(Short text fragments from websites)
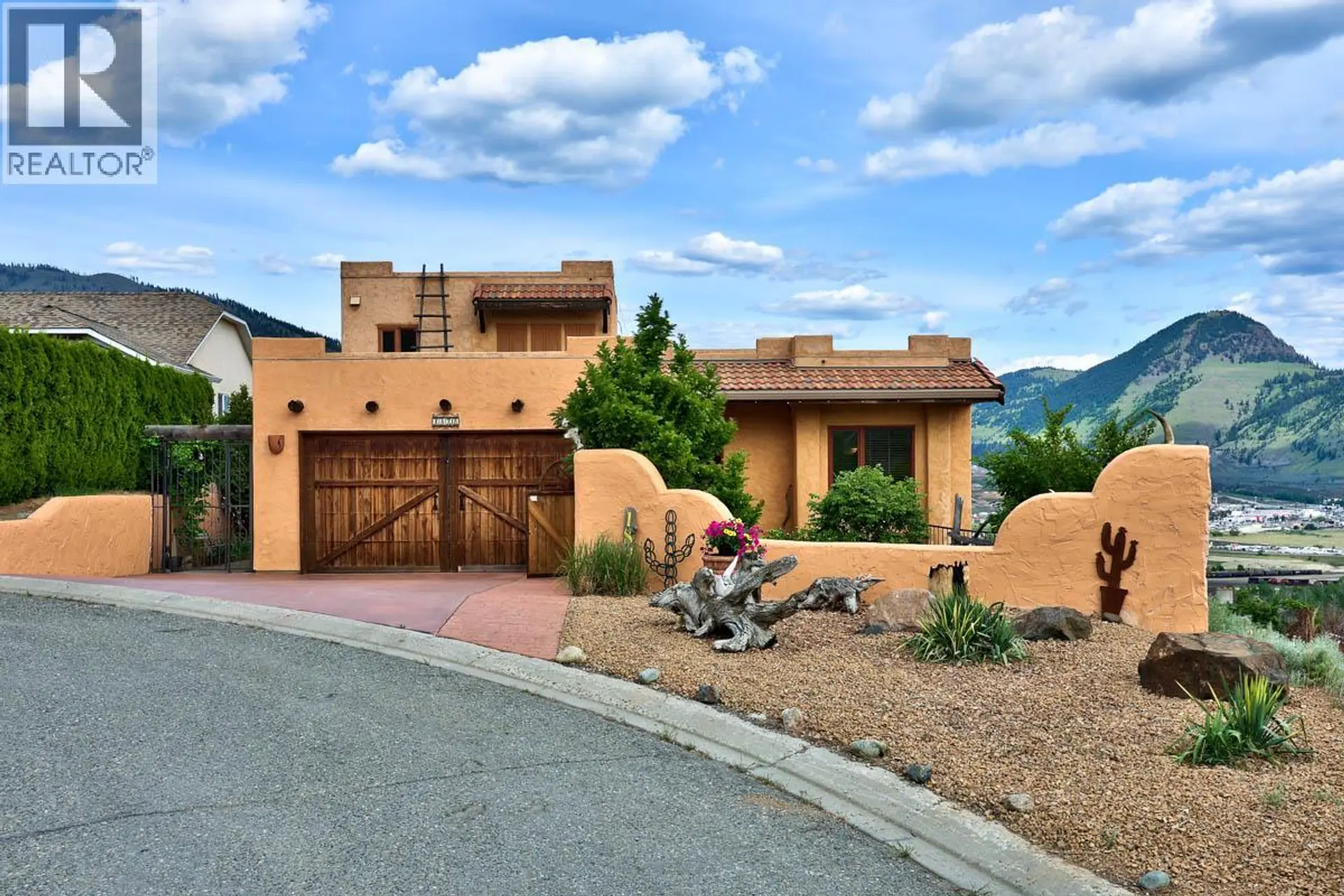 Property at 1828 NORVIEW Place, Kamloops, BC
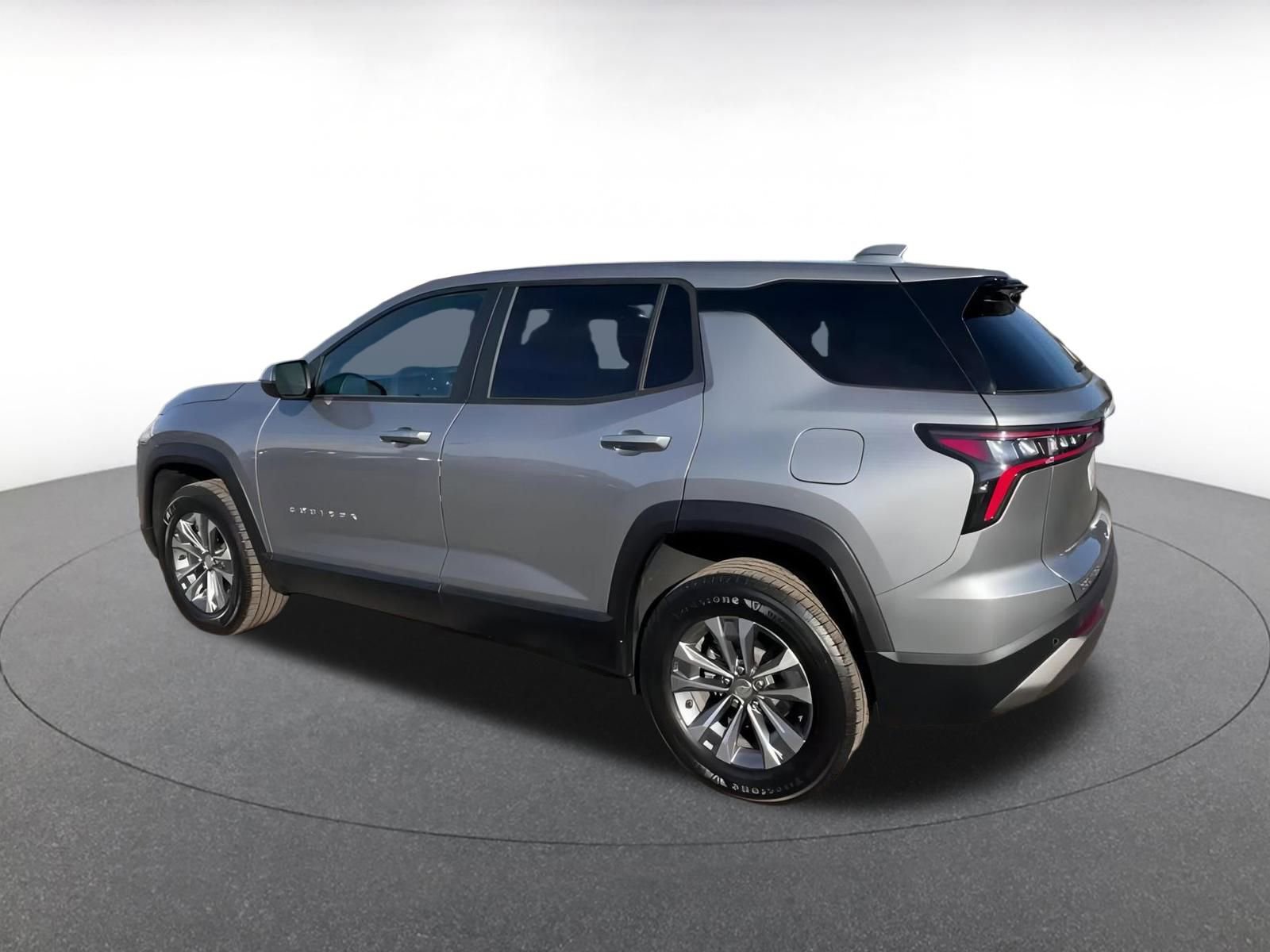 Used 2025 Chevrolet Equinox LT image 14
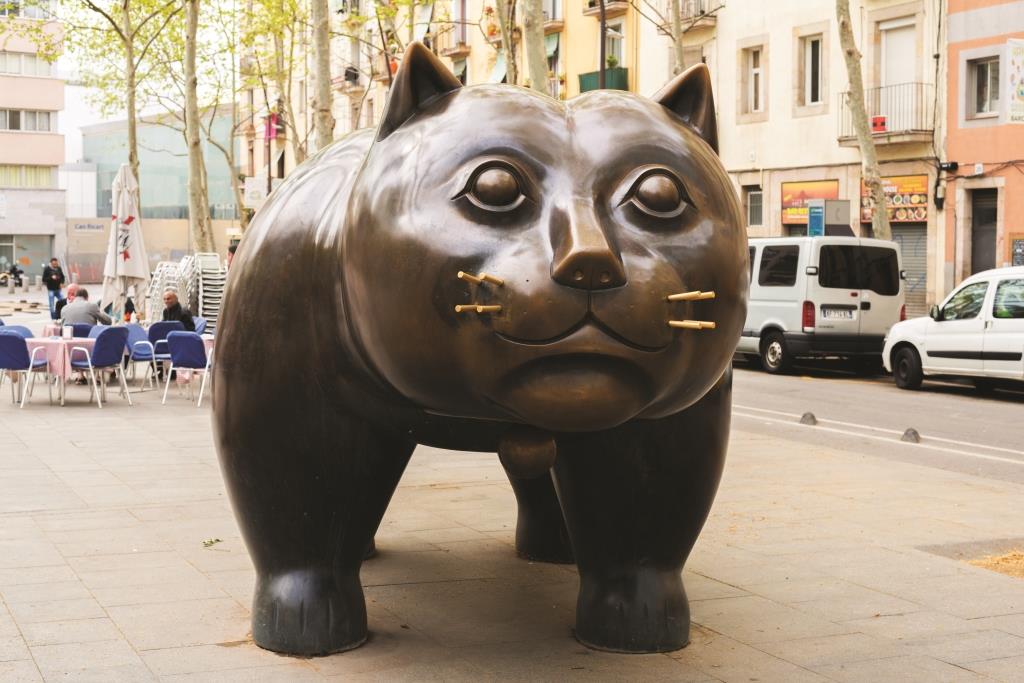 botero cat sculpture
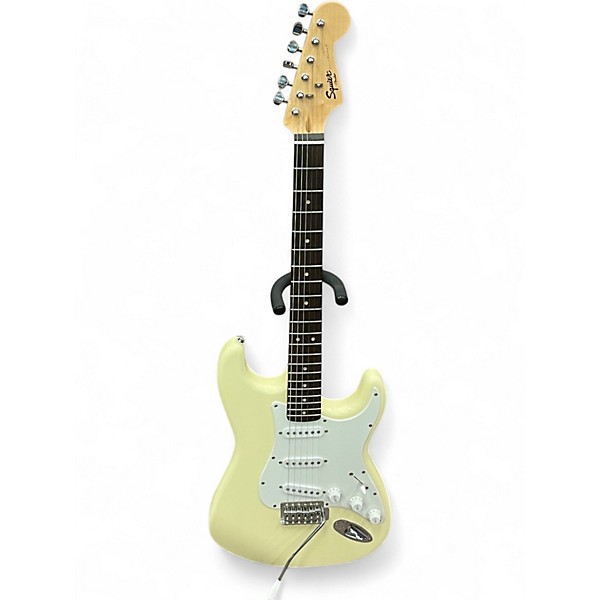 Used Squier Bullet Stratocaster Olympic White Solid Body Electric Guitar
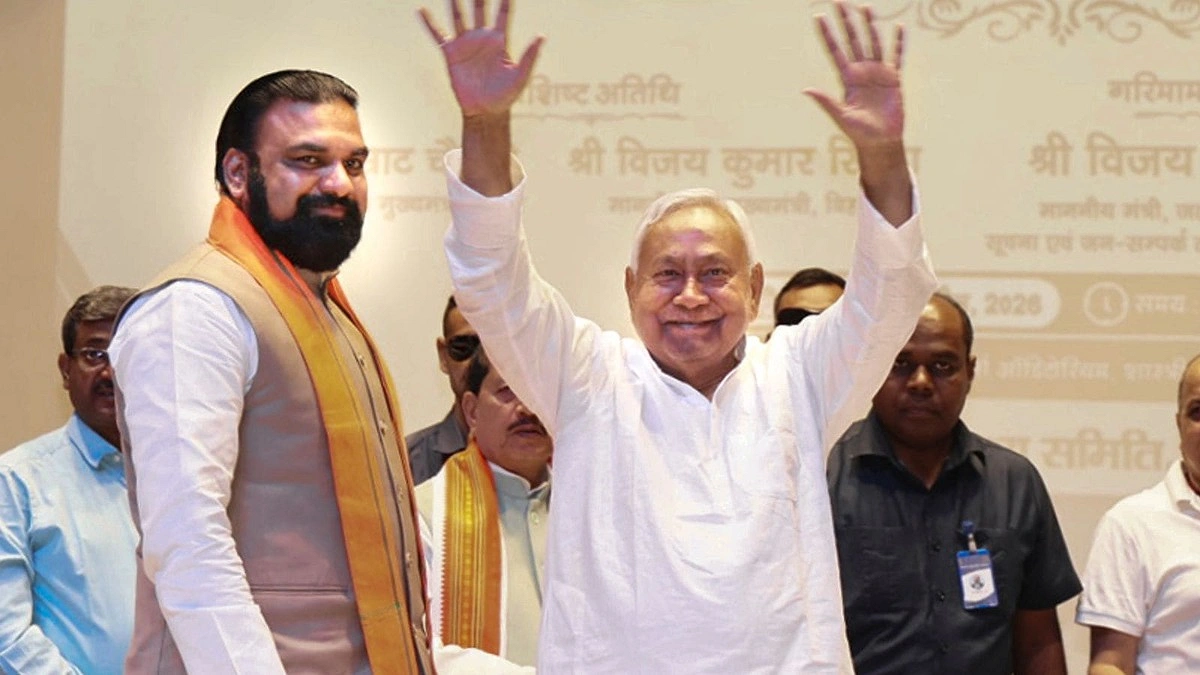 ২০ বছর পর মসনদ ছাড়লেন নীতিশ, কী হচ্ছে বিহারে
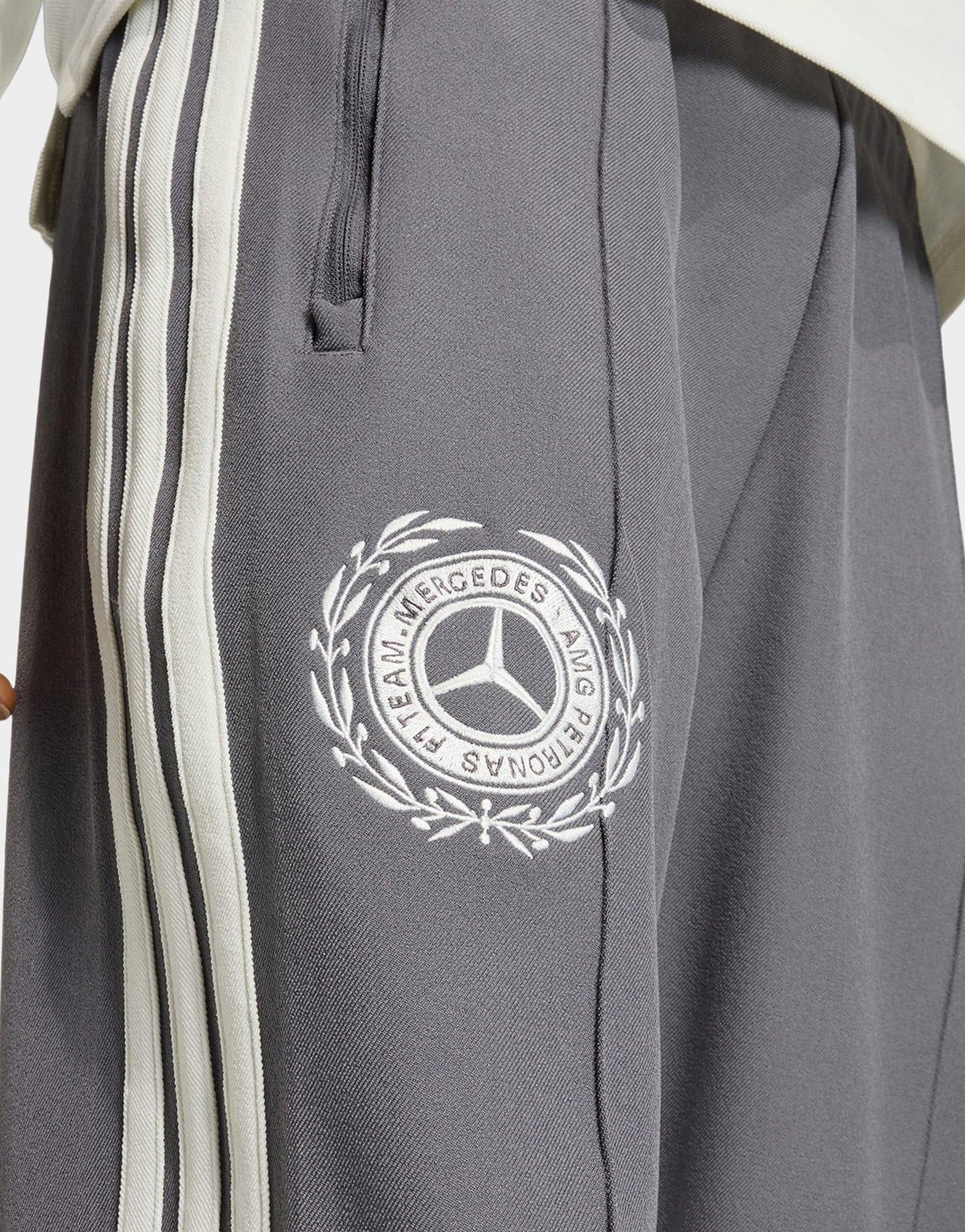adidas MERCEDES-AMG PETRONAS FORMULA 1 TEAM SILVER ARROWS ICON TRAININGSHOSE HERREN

◆ **TO DO**: Repeat the records in full and exactly, leaving every picture out.

◆ **RESULT OF THE TASK**:
 Property at 1828 NORVIEW Place, Kamloops, BC
 Used 2025 Chevrolet Equinox LT image 14
 botero cat sculpture
 Used Squier Bullet Stratocaster Olympic White Solid Body Electric Guitar
 ২০ বছর পর মসনদ ছাড়লেন নীতিশ, কী হচ্ছে বিহারে
adidas MERCEDES-AMG PETRONAS FORMULA 1 TEAM SILVER ARROWS ICON TRAININGSHOSE HERREN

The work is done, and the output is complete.